**RECORDS SHOWN:**
Start of Block
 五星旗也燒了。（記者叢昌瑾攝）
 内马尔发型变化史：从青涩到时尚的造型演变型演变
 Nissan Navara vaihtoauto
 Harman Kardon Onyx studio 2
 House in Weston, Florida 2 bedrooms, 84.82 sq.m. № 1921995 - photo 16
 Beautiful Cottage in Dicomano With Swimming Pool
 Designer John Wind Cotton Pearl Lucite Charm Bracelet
End of Block
Start of Block
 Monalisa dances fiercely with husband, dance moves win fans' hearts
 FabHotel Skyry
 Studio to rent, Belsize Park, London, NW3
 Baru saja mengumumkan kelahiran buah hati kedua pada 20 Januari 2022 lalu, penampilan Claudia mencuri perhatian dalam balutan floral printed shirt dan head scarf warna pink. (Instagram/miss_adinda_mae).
End of Block
**WORK TO COMPLETE:**
Output the lines above exactly, but only those between the line holding "Harman Kardon Onyx studio 2" and the line holding "Designer John Wind", inclusive.

**SOLVED PROBLEM:**
 Harman Kardon Onyx studio 2
 House in Weston, Florida 2 bedrooms, 84.82 sq.m. № 1921995 - photo 16
 Beautiful Cottage in Dicomano With Swimming Pool
 Designer John Wind Cotton Pearl Lucite Charm Bracelet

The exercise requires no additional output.